19 September 2008

Extra photos from National Museum

I have already uploaded many juicy photos from the National Museum of Korea, over at Christy's Art Blog, in the following three categories: Kwan Yin, Korean art, non-Korean art. Here are some more photos that didn't make it to that blog, but were of interest to me anyway.

Some photos of Korean dolmens, mostly from the Jeolla provinces as well as Ganghwa Island in Incheon, but also from North Korea and Manchuria. There are 30,000 known dolmens in Korea - 20,000 in the North and South Jeolla provinces (the southwest corner of the nation) alone.

This map shows distribution of Korean dolmens; each red dot is a known dolmen.

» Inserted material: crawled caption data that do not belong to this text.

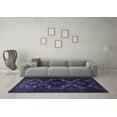 thumbnail image 3 of Ahgly Company Indoor Square Persian Blue Traditional Area Rugs, 3' Square, 3 of 4
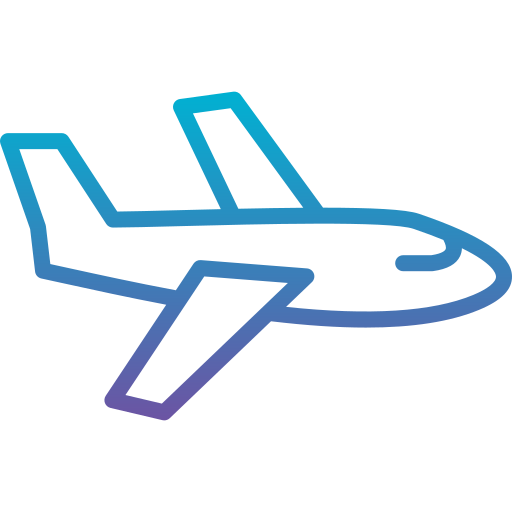 avión Generic gradient outline icono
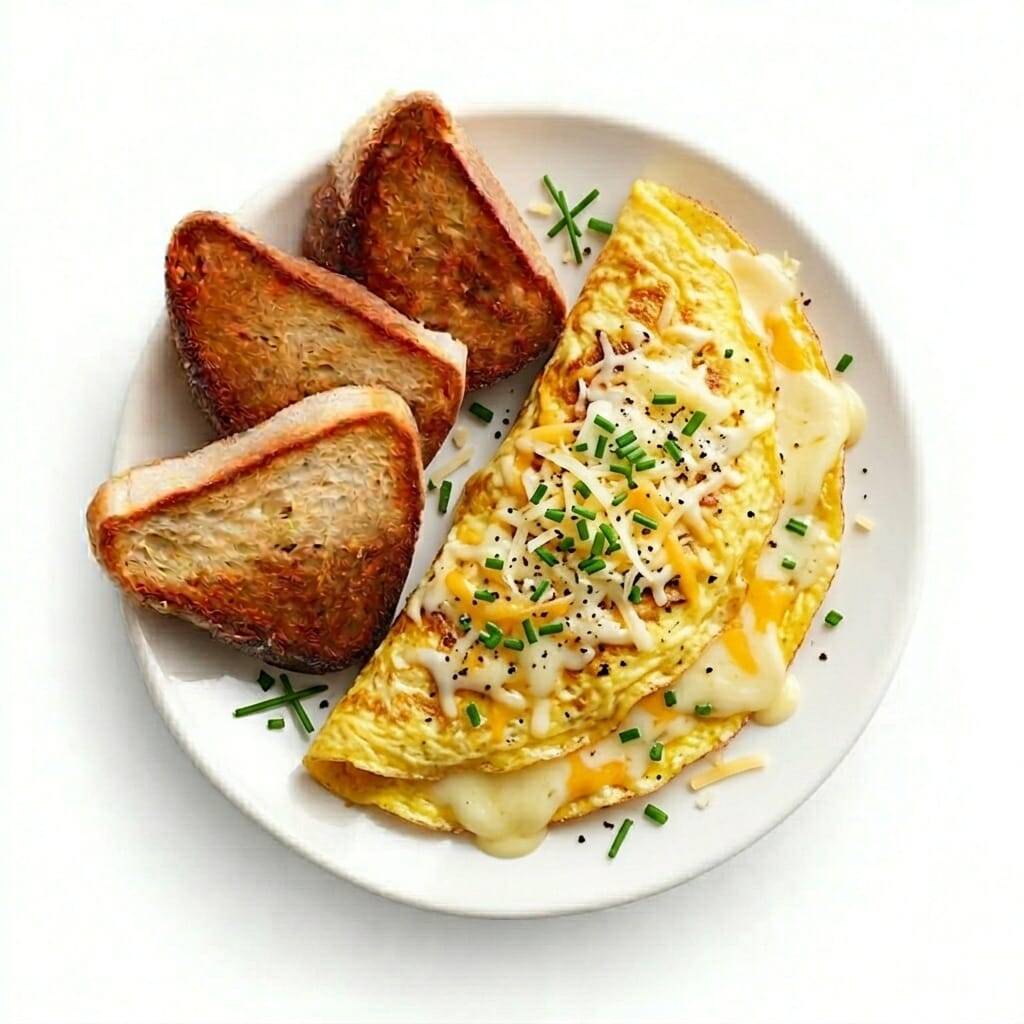 Omelette de Tres Quesos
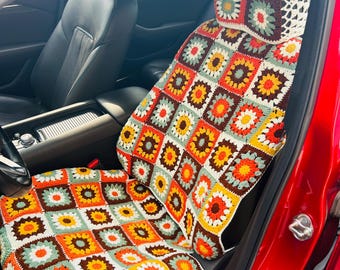Crochet Headrest Covers, seat cover back cover Steering Wheel Cover, Handmade Car Seat Covers ,Seatbelt cover For Women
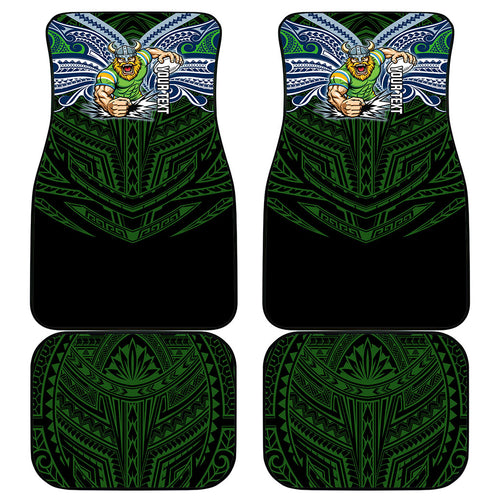 Custom Canberra Raiders Car Mats Viking Warrior Polynesia Islander Rugby Mascot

A coffin from the ancient kingdom of Baekje, which occupied southwestern Korea for the first several centuries of the Common Era.

A print of the Emille Bell in Gyeongju, the largest bell in the world. I hope to drive out to Gyeongju, the capital of the ancient kingdom of Silla (and a rival of Baekje), later on during my stay.

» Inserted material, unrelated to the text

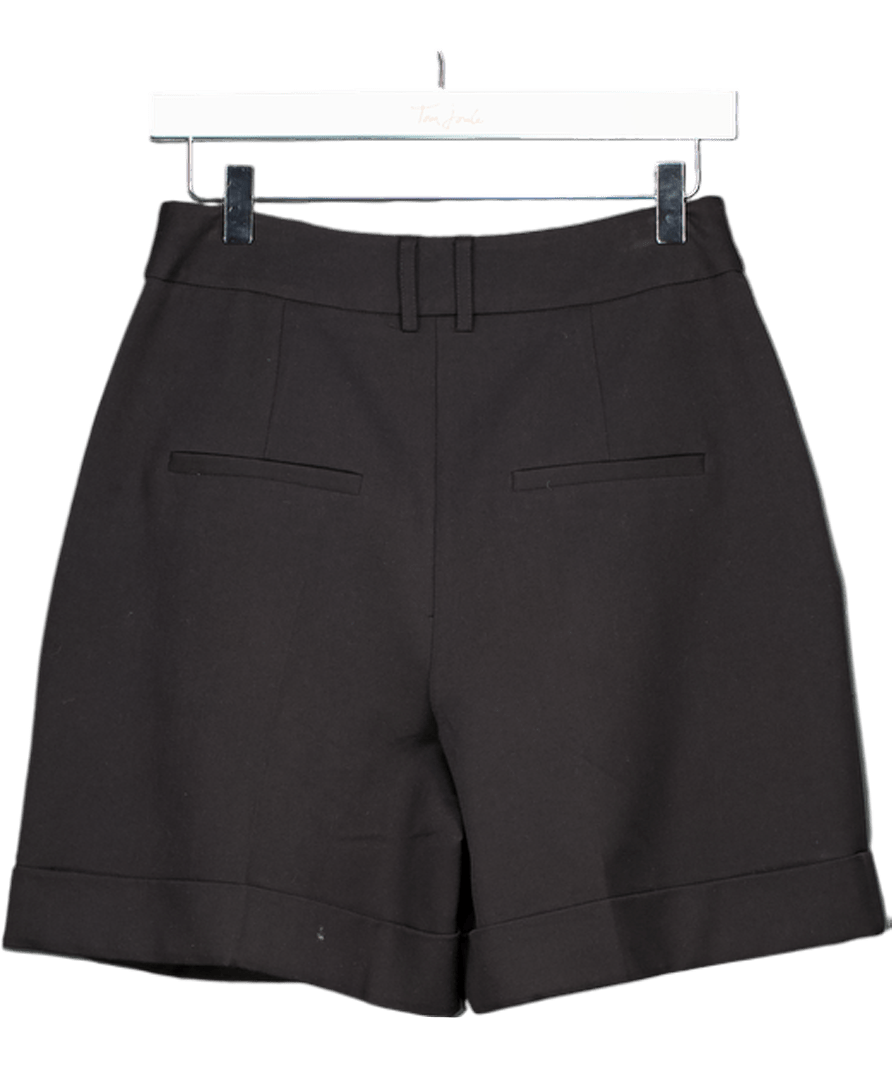 Warehouse Black Pleated Tailored Shorts UK 10 - Reliked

One of the first modern newspapers published in Korea was Dongnip Shinmun (Independence News), which started circulating in 1897. It was written exclusively in Korean script, in a show of nationalism - though it was too late by then to save Korea from Japanese colonialism.

I mentioned Confucian family census registers before. While the one used in South Korea until last year was based on Japanese recordkeeping, this is a more traditional census register with more Korean conventions. This particular section contains records on Yi Seonggye, who founded a new kingdom named Joseon in 1392.

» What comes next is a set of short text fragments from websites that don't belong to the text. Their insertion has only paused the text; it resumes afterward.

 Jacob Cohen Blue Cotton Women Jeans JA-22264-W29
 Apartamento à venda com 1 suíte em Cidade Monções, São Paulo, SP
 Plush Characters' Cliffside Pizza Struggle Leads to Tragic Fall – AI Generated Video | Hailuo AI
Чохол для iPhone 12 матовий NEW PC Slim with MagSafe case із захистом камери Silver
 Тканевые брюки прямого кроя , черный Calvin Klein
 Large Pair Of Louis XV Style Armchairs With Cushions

The next photographs are from a special limited-engagement exhibition on the history of South Korea's national flag (Taegeukgi), to commemorate the 60th anniversary of South Korea's government.

In the 1880s, King Gojong hired an American by the name of Owen Denny as his foreign affairs advisor. When Denny left in 1890, he took this flag as a parting gift from the king. This flag was donated to South Korea by Denny's descendants in 1981, and is believed to be the oldest Taegeukgi in existence in South Korea. Though Taegeukgi in its flag form is a fairly recent phenomenon, the concepts embodied in it - the yin-yang symbol and the pentagrams - have existed in both China and Korea for centuries.

By 1900, Korea was an empire in its own right, as opposed to a kingdom pledging Confucian allegiance to someone else's (that would be China) emperor. This Taegeukgi was used by the imperial government in 1900.

These Taegeukgi are autographed - some by independence fighters, some by early members of the South Korean government.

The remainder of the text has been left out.